The humoral immune response to LACV is to produce antibodies against the G1 protein. These antibodies are capable of neutralization, inhibition of hemagglutination, and can block cell to cell fusion. Some neutralizing anti-G1 antibodies will inhibit virus binding to susceptible cells. High titer neutralizing antibodies are probably sufficient to protect the organism against repeated challenges with the same virus strain. There is currently no treatment for La Crosse encephalitis only supportive therapy and prevention. Supportive therapy just treats the symptoms of this disease and not the disease itself. Mosquito control is essential in the prevention of this disease. Using insect repellent with DEET, mosquito netting, and reducing the amount of standing water in mosquito prone areas are just a few prevention methods to control mosquitoes.

The majority of cases of encephalitis caused by California serogroup viruses are associated with LACV infection. LACV is endemic in North America specifically in the upper Midwestern states, and more recently in the mid-Atlantic and southeastern states. Campers and hikers, children under sixteen, the elderly, the rural poor, and the immunocompromised are high risk groups for this disease/infection.
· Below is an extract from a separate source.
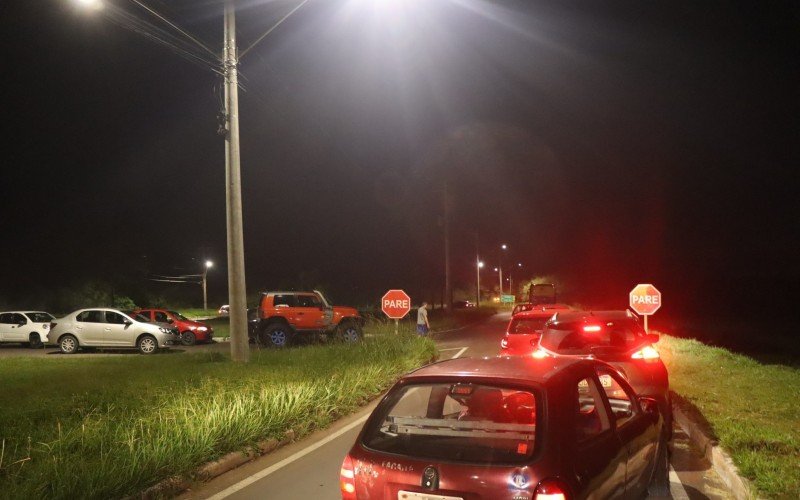 Acidente causou congestionamento na Avenida Integração na noite desta quarta-feira (10)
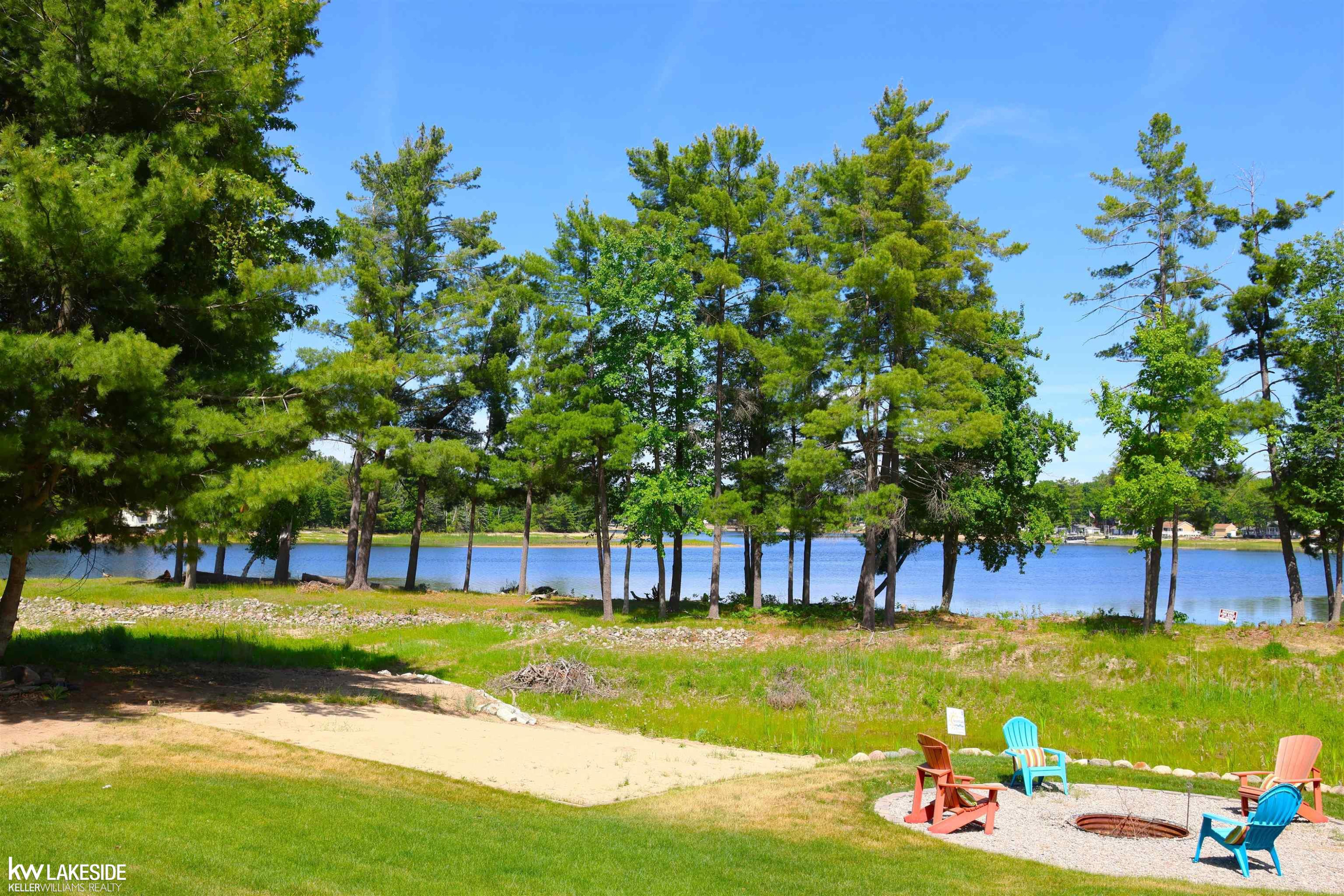 521 W River Court, Gladwin, MI 48624 — Photo 53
In conclusion, LaCrosse encephalitis is a disease caused by the LACV. This virus is an arbovirus and is transmitted by arthropods such as mosquitoes and ticks. An important part of the viruses its pathogenesis is its ability to overwinter in female mosquitoes. These females are able to transmit the virus to their eggs. LaCrosse encephalitis is not fatal in most cases, and most individuals make a complete recovery. Support therapy and prevention are the only methods to help LAC encephalitis. Those most likely to encounter this virus/disease are those who are outdoors a great deal, children under 16, the immunocompromised, and the elderly. This can be a serious disease so it is smart to take preventative measures to decrease the likely hood of contracting it.

References

  1. Elliot, Richard M.. The Bunyaviridae. New York: Plenum Press, 1996.
  2. Specter, Steven, and Gerald Lancz. Clinical Virology Manual, Second Edition. New York, Amsterdam, London, Tokyo: Elsevier Science Publishing Company, Inc., 1992.
  3. Mahy, B.W.J., and R.D. Barry. Negative Strand Viruses and the Host Cell. London, New York, San Francisco: American Press Inc., 1978.
  4. "La Crosse Encephalitis". CDC. March 23, 2010. http://www.cdc.gov/lac/tech/virus.html
  5. "Minnesota Department of Health Fact Sheet: LaCrosse Encephalitis". Minnesota Department of Health. March 23, 2010. http://www.echominnesota.org/pdf/resource/LaCrosse.pdf
  6. Parilla, Jessica, Dr. "Arboviruses" (Lecture). GSU, Atlanta. March 2, 2010.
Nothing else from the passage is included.